This misspelling made the tracing of her roots almost impossible for biographers when Chanel later rose to prominence. Her parents married in 1883. She had five siblings: two sisters, Julie (1882–1913) and Antoinette (born 1887) and three brothers, Alphonse (born 1885), Lucien (born 1889) and Augustin (born and died 1891). In 1895, when she was 12 years old, Chanel's mother died of tuberculosis and her father left the family.

Because of this, the young Chanel spent six years in the orphanage of the Roman Catholic monastery of Aubazine, where she learned the trade of a seamstress. School vacations were spent with relatives in the provincial capital, where female relatives taught Coco to sew with more flourish than the nuns at the monastery were able to demonstrate.

When Coco turned eighteen, she left the orphanage, and the ambitious young girl took off for the town of Moulins to become a cabaret singer.

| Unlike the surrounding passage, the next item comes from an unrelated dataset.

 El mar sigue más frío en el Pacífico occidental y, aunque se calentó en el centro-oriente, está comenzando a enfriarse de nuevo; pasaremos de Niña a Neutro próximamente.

During this time, Chanel performed in clubs in Vichy  and Moulins where she was called “Coco.” Some say that the name comes from one of the songs she used to sing, and Chanel herself said that it was a “shortened version of cocotte, the French word for ‘kept woman,” according to an article in The Atlantic.

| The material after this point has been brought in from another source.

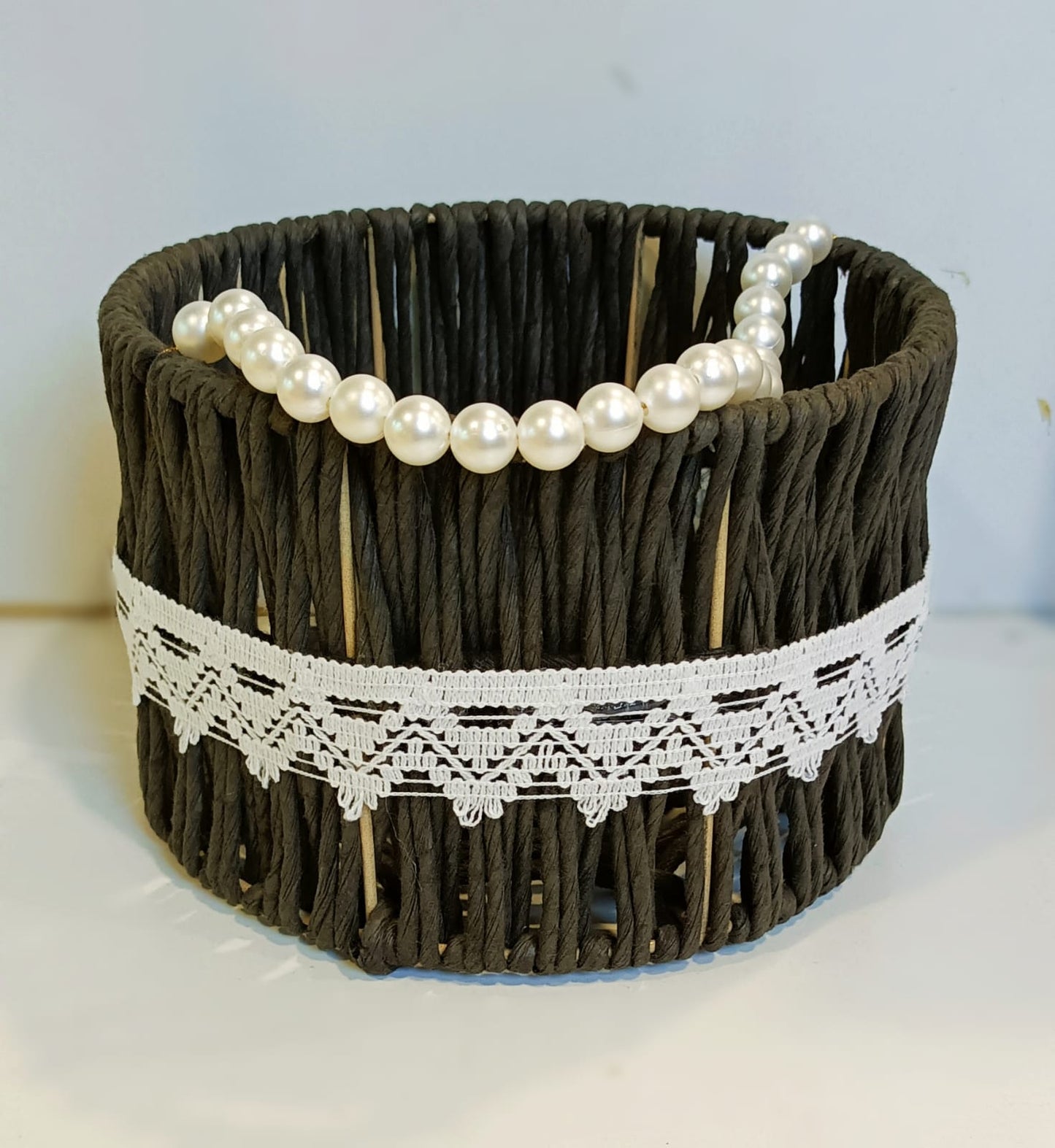 Round Rafia Basket With Beads Handle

While she failed to get steady work as a singer, it was at Moulins that she met rich, young French textile heir Étienne Balsan, to whom she soon became an acknowledged mistress, keeping her day job in a tailoring shop. Balsan lavished on her the beauties of "the rich life": diamonds, dresses and pearls. (Note that in France, mistresses  have been acknowledged for centuries among the wealthy, though the members of the occupation, such as Chanel, were disparaged in private as upper-class prostitutes.) While living with Balsan, Chanel began designing hats as a hobby, which soon became a deeper interest of hers. "After opening her eyes," as she would say, Coco left Balsan and took over his apartment in Paris.

In 1909 Chanel met and began an affair with one of Balsan's friends, Captain Arthur Edward 'Boy' Capel.

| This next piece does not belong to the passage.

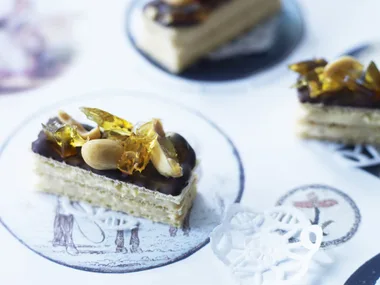 choc nut cream bites with peanut praline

Capel financed Chanel's first shops and his own clothing style, notably his jersey blazers, inspired her creation of the Chanel look. The couple spent time together at fashionable resorts such as Deauville, but he was never faithful to Chanel.

The affair lasted nine years, but even after Capel married an aristocratic English beauty in 1918, he did not completely break off with Chanel. His death in an auto accident, in late 1919, was the single most devastating event in Chanel's life.

According to local report a roadside memorial at the site of the accident was placed there by Chanel, who visited it in after years to place flowers there.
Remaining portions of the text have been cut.